**Data below**.
"""

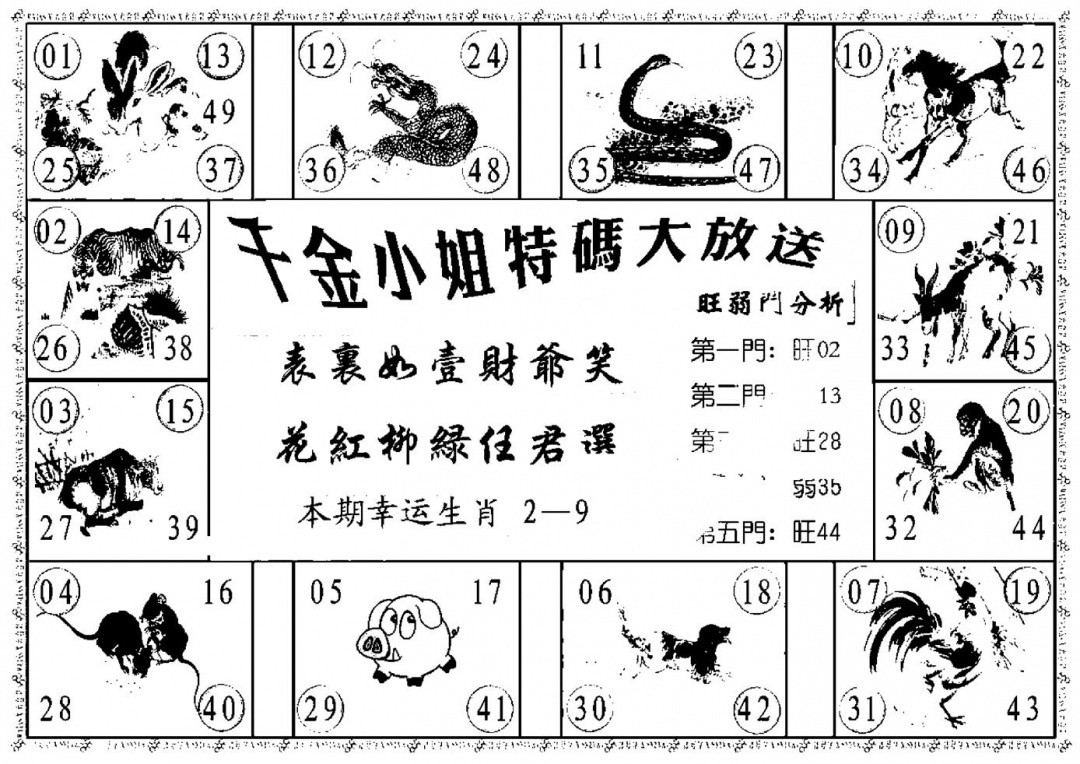 六合彩077期千金小姐B(新)(黑白)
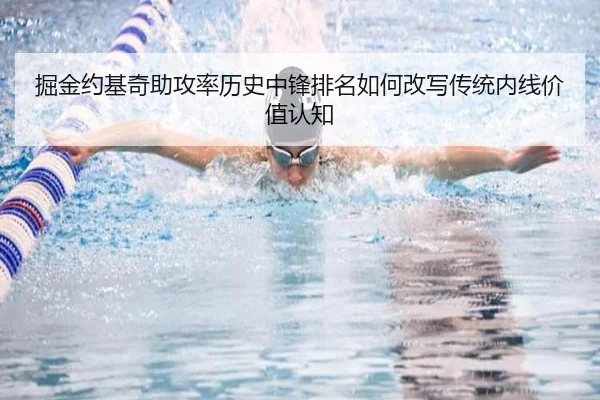 掘金约基奇助攻率历史中锋排名如何改写传统内线价值认知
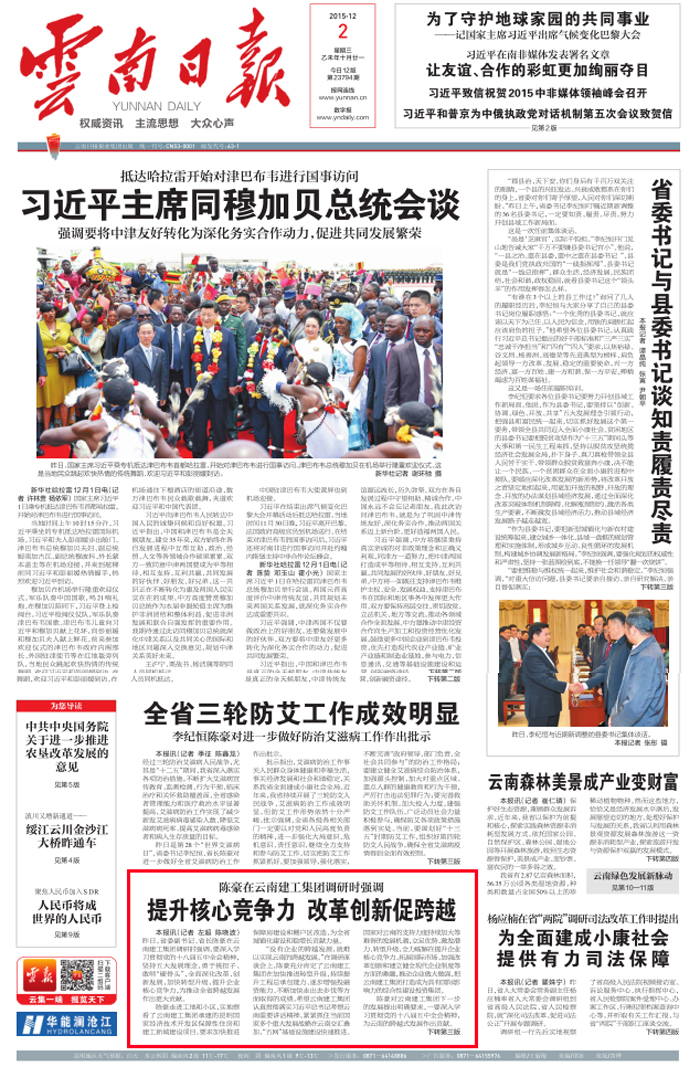 《世界杯足球平台日报》头版报道陈豪省长到集团调研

"""

**Required work**.
This task calls for an exact copy of the data above, without pictures.

**Answer box**.
 六合彩077期千金小姐B(新)(黑白)
 掘金约基奇助攻率历史中锋排名如何改写传统内线价值认知
 《世界杯足球平台日报》头版报道陈豪省长到集团调研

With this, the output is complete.